Another major threat posed to farm livelihoods - back then and now - is that foxhounds can host two difficult and dangerous parasites.
In 1996, the Irish Farmers' Journal, reporting on Sarcocystosis, an incurable brain disease of livestock, stated that severe problems in particular flocks investigated by the Faculty of Veterinary Medicine were associated with contamination of grazings by faeces from foxhounds.
From Black's Veterinary Dictionary, we learn that hoof-prints not only destroy pastures but are the favourite habitats of mud snails.
They may sound innocuous enough but they're actually the hosts of liver fluke, a parasite causing losses estimated at 60 million euro annually to Irish farmers.
What further proof do we need that foxhunting with hounds is not only a cruel and barbaric legacy from the 18th century, but a modern day scourge, posing a huge threat to the livelihoods of Irish farmers?
Farmers will only ever accept drag hunting
Farmers Against Foxhunting and Trespass (FAFT) have re-iterated that the only form of hunting their members will accept is drag hunting.
"Foxhunters must adapt and change their arrogant ways," chairman, Philip Lynch, emphasised in a recent statement. "Drag hunting is the way forward. There is no room for fox hunting in modern agriculture. FAFT is simply asking these rampaging horse-borne relics of another age to leave us alone."
Pointing to the tourism potential of drag hunting, Mr Lynch suggested that it is an activity the horse industry should be enthusiastically embracing.
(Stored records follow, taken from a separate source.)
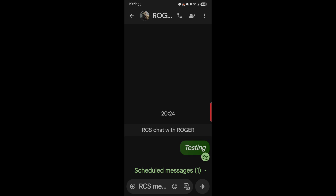There it is. The text shows up in italics — you can see 'testing' is in italics — and there's an icon underneath showing it has not yet been sent but will be sent. The little clock icon is for scheduling.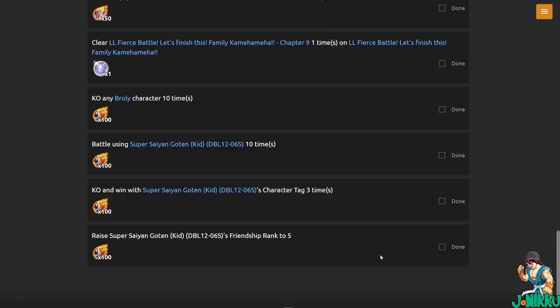So yeah, once you get Goten 100 Z power, make sure you make him Friendship rank 5 so you can get this Z power. Then the other stuff, KO and win with Super Saiyan Goten 3 times. Battle using Super Saiyan Goten 10 times. KO any Broly character 10 times. So yeah, it's pretty simple to be honest. That's pretty much how you unlock Super Saiyan Goten.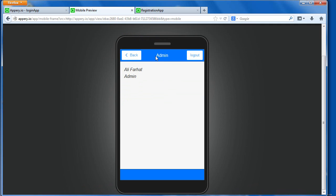So this is one way to create a database with some authentication, and based on the type of the user, it takes you to the proper part of your app. All right, I hope you find this useful, and I'll be posting more videos related to this. All right, take care.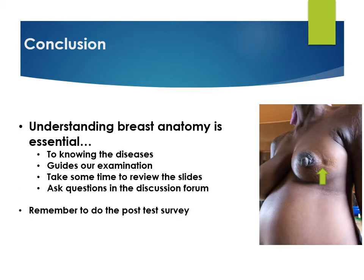Finally, to reiterate: understanding breast anatomy is essential for knowing the disease and it guides our examination. Please take your time to review the slides and ask questions if you have any. Remember to complete the post-test. Thank you, and I look forward to seeing you.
"Tourists could be invited to visit Ireland to drag hunt on properly supervised enclosed tracts of land - for example, on famous courses like the ones at the Curragh, Leopardstown or Gowran Race Course," he remarked. "This would remove the existing problem where farmland, livestock and farm property are vandalised on a daily basis throughout the winter months, leaving farmers to face massive financial losses."
The FAFT group can be contacted on 056-7725309.
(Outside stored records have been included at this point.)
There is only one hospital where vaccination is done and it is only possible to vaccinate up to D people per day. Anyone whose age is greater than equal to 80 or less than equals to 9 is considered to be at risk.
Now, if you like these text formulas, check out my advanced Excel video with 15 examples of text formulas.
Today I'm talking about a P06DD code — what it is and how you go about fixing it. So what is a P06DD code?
Padraic Pearse "totally opposed" to coursing
As the country remembered the heroes of 1916 last April, the Irish Council Against Blood Sports called on Bertie Ahern to introduce legislation outlawing coursing.
This, we told the Taoiseach, would be a fitting tribute to Padraic Pearse, whose ideals he is said to admire.
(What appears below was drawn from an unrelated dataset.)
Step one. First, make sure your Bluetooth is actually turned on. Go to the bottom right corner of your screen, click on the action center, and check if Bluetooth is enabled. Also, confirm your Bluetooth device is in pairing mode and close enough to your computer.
We sent Mr Ahern a copy of a letter written by Padraic Pearse's sister, Senator Margaret Pearse, to actor and ICABS founder member, John Cowley (who played Tom Riordan in the long running soap, "The Riordans"). In her letter, written from a nursing home in 1967, Senator Pearse outlined how her brothers, Padraic and Willie, were kind to animals and would have been opposed to hare coursing.
Senator Pearse had felt so strongly about coursing that she took the time and trouble, then aged 89, to write a letter to the national media, condemning the blood sport.
She told John Cowley: "In my letter to the press, I invoked the names of Padraic and Willie and I was absolutely correct in affirming that they would both have been totally opposed to the inhuman treatment meted out to the innocent little hares at the coursing matches.
"At all times during their lives, they were kind to dumb animals and Padraic's writings give many instances of his love for animals and birds, and I am certain that, were they alive today, they would both be foremost in condemning coursing for the sadistic spectacle that it is."
In an appeal to Bertie Ahern, Aideen Yourell of ICABS stated: "Would it not now be a fitting tribute, Taoiseach, and acknowledgement of Padraic Pearse, his brother Willie and his sister, Margaret, that in this the 90th commemoration of the events of 1916, to bring an end to the cruel abuse that is live hare coursing.
"It would be a gesture that would be applauded by the vast majority of our citizens. As you are no doubt aware, 80 per cent of the population want to see hare coursing banned. Also, our near neighbours have banned hare coursing, leaving us as the last bastion of blood sports that, ironically, we inherited from them in the first place."
The letter was passed by the Taoiseach to Minister John O'Donoghue whose disappointing reply consisted of the standard government defence of coursing as an activity with rules and regulations.